(TASK PROMPT) Reproduce word for word, from the entries below, the line with "Gran Canaria: crucero", the line with "Dos ADF tracten", and every line between them, and nothing more.

(RECORDS PROVIDED)
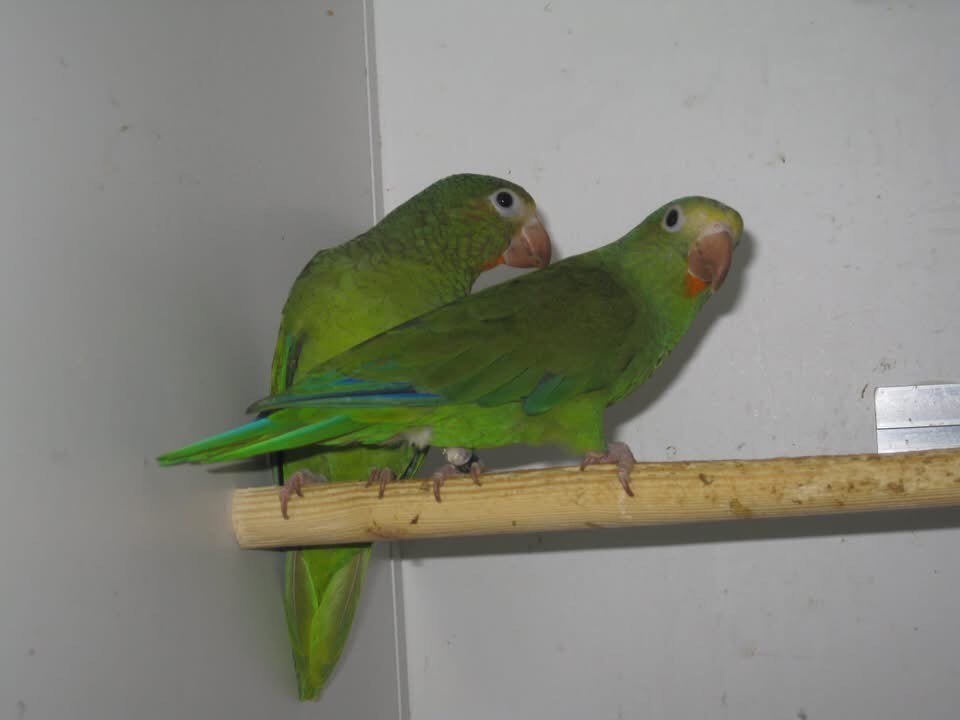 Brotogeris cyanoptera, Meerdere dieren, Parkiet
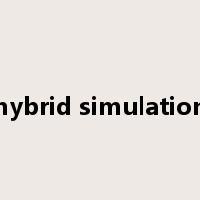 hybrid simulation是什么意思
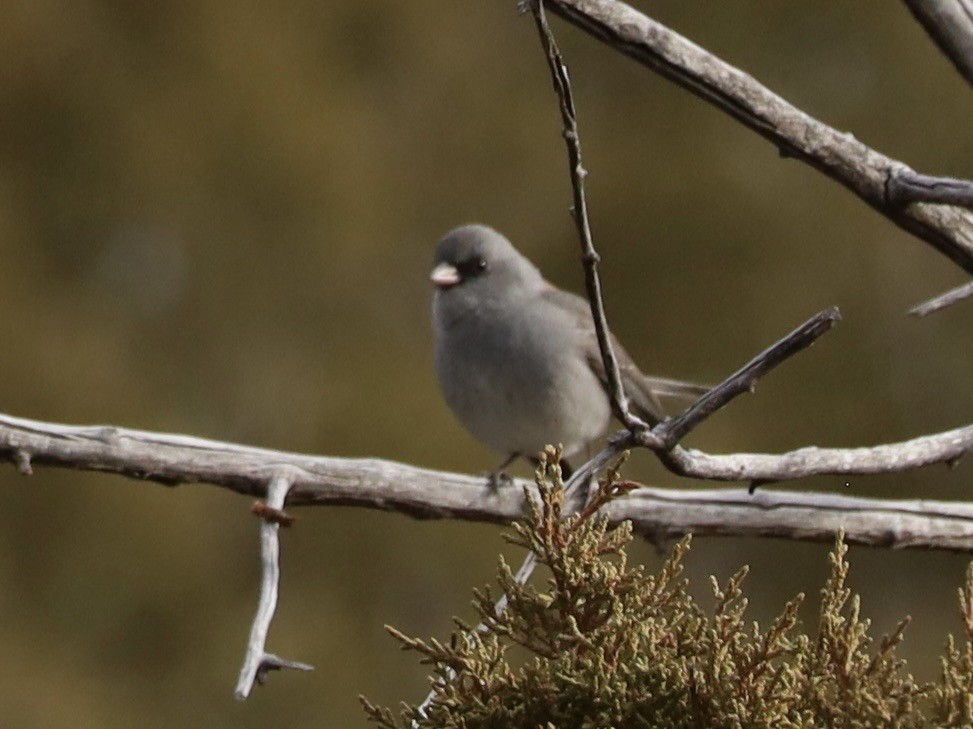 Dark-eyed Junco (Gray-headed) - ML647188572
--
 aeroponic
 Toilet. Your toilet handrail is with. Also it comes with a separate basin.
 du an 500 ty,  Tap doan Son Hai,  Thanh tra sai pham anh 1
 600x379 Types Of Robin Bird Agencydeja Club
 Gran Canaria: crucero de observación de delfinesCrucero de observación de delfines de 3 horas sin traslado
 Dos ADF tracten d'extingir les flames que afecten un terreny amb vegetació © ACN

(YOUR SOLUTION)
 Gran Canaria: crucero de observación de delfinesCrucero de observación de delfines de 3 horas sin traslado
 Dos ADF tracten d'extingir les flames que afecten un terreny amb vegetació © ACN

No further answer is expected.